TJ-SP determinou que a prefeitura realize o procedimento abortivo. Na quinta-feira (27), o Tribunal de Justiça de São Paulo expediu ordem para que a gestão municipal indique o local e a data para que a mulher possa ser submetida ao aborto legal.

Multa em caso de descumprimento. A Justiça também estipulou o pagamento de multa diária de R$ 50 mil caso a prefeitura não cumpra a determinação. A informação foi divulgada pela GloboNews e confirmada pela reportagem.
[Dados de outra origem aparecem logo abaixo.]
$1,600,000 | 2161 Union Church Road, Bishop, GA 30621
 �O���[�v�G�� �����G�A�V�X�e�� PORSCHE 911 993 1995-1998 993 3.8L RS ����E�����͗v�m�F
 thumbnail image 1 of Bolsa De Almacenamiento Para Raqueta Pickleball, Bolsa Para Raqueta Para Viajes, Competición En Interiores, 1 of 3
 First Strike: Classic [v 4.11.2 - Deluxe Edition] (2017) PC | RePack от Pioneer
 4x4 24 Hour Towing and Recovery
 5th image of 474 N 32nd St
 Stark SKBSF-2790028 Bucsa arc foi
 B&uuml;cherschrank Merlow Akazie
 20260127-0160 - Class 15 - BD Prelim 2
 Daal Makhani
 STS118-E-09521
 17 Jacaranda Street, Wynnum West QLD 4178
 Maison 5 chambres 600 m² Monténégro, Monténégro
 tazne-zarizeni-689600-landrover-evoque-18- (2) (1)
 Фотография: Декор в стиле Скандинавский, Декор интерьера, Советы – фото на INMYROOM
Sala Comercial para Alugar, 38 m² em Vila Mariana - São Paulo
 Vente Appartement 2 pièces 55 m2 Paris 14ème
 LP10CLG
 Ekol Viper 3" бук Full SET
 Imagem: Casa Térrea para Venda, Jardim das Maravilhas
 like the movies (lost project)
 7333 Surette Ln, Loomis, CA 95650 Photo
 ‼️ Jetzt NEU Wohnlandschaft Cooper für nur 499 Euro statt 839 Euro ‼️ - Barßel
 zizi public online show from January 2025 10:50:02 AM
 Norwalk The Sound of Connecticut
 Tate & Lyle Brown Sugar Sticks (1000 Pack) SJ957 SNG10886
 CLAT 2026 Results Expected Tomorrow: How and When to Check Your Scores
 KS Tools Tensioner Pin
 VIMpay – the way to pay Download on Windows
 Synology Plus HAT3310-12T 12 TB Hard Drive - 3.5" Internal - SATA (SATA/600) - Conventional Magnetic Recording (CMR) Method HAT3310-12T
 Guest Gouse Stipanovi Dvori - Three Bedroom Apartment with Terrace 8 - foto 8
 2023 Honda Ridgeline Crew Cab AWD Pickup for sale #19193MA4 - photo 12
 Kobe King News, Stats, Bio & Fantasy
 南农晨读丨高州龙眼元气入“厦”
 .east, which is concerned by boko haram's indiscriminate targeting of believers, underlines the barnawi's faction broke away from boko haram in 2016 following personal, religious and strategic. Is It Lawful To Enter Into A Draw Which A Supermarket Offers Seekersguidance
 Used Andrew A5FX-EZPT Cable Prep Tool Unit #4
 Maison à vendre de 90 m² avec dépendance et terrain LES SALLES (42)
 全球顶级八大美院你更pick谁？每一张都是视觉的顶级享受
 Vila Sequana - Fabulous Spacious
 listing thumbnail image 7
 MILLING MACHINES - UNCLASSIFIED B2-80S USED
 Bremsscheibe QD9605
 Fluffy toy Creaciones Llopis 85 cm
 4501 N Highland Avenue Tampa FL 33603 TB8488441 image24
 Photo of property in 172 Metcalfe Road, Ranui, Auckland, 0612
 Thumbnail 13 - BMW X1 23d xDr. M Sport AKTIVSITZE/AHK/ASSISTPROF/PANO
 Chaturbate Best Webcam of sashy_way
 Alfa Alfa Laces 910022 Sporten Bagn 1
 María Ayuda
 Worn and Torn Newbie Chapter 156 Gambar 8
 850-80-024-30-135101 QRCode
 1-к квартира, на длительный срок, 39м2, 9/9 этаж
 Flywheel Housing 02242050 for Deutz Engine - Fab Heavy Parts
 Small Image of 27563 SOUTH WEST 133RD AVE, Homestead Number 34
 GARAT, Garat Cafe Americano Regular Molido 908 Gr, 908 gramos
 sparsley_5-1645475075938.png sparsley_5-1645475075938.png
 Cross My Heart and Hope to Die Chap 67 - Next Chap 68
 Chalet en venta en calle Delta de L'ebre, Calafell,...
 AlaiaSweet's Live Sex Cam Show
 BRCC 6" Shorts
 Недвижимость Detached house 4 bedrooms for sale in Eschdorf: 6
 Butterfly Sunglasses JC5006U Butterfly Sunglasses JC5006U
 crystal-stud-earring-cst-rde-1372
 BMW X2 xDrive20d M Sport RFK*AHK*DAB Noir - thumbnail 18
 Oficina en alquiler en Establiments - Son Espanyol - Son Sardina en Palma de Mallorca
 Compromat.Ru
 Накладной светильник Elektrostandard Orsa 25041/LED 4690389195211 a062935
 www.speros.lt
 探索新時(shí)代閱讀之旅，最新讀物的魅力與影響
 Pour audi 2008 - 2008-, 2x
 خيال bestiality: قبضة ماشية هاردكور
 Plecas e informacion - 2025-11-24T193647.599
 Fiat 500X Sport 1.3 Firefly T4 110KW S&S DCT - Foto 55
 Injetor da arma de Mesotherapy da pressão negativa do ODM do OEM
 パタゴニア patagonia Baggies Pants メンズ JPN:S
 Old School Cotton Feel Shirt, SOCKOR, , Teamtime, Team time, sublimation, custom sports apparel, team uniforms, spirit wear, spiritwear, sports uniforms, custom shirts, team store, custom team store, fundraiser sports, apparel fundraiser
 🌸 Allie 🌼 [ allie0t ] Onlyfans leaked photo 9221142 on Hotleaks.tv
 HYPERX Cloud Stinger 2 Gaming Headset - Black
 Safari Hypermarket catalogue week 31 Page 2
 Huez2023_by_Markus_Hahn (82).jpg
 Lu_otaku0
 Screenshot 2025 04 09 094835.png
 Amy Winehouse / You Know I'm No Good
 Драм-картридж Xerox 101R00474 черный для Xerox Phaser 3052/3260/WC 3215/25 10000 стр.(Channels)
Aborto é legalizado no Brasil em caso de estupro. A legislação brasileira determina que a mulher violentada sexualmente pode recorrer ao aborto legal em qualquer período da gestação. Recentemente, a Câmara dos Deputados quis aprovar lei para punir a mulher estuprada que abortasse após 22 semanas, mas o projeto está parado após a repercussão negativa.

A reportagem tentou contato com a Secretaria Municipal de Saúde de São Paulo para saber se a decisão do TJSP foi cumprida, mas não obteve retorno. O espaço segue aberto para manifestação.

HOSPITAIS SE NEGARAM A FAZER O ABORTO

Hospitais da rede pública da capital paulista se negaram a fazer o aborto garantido por lei a uma vítima de estupro. A primeira recusa aconteceu no dia 14 de junho, no Hospital da Mulher, considerado referência em atendimento a vítimas de violência sexual. Na ocasião, os profissionais informaram que a mulher estava grávida havia 24 semanas.

Em 18 de junho, ela tentou fazer o procedimento no Hospital Municipal Tide Setúbal, na zona leste, mas foi negado. A mulher recorreu ao Hospital Municipal do Tatuapé, também na zona leste, e foi informada que não havia profissionais para realizar o procedimento.

No dia 20 de junho, a Defensoria Pública de São Paulo recomendou que o aborto fosse feito no Hospital do Campo Limpo, mas a unidade se recusou. À GloboNews, a mulher contou que uma psicóloga da unidade chegou a recomendar que ela fizesse pré-natal.

“Foi muito frustrante, eu saí de lá chorando. Eu só estou querendo uma coisa que eu tenho direito por lei, eu não quero nada mais do que isso. O que passei, eu não quero que outra pessoa passe também não quero que outra pessoa escute isso. Porque já é um caminho muito, muito difícil de ser percorrido. Então eu queria ser acolhida, só isso é muito difícil”, declarou a vítima.

A assistolia fetal é recomendada pela OMS (Organização Mundial da Saúde) e protocolos internacionais em interrupções de gravidezes superiores a 20 semanas. Consiste na injeção de produtos químicos no feto dentro do útero, para evitar que ele seja expulso com sinais vitais, prevenindo desgaste emocional dos pacientes e dos médicos.

Nesta semana, a Prefeitura de São Paulo enviou um ofício ao STF dizendo que aconteceram 68 abortos legais na cidade entre janeiro e junho. Desses, 4 aconteceram após as 22 semanas de gestação.

Moraes considerou a resposta insuficiente. O ministro deu mais 48 horas para que a prefeitura explique se negou a realização de abortos dentro dos casos previstos em lei. Até o momento, a gestão do prefeito Ricardo Nunes (MDB) ainda não respondeu.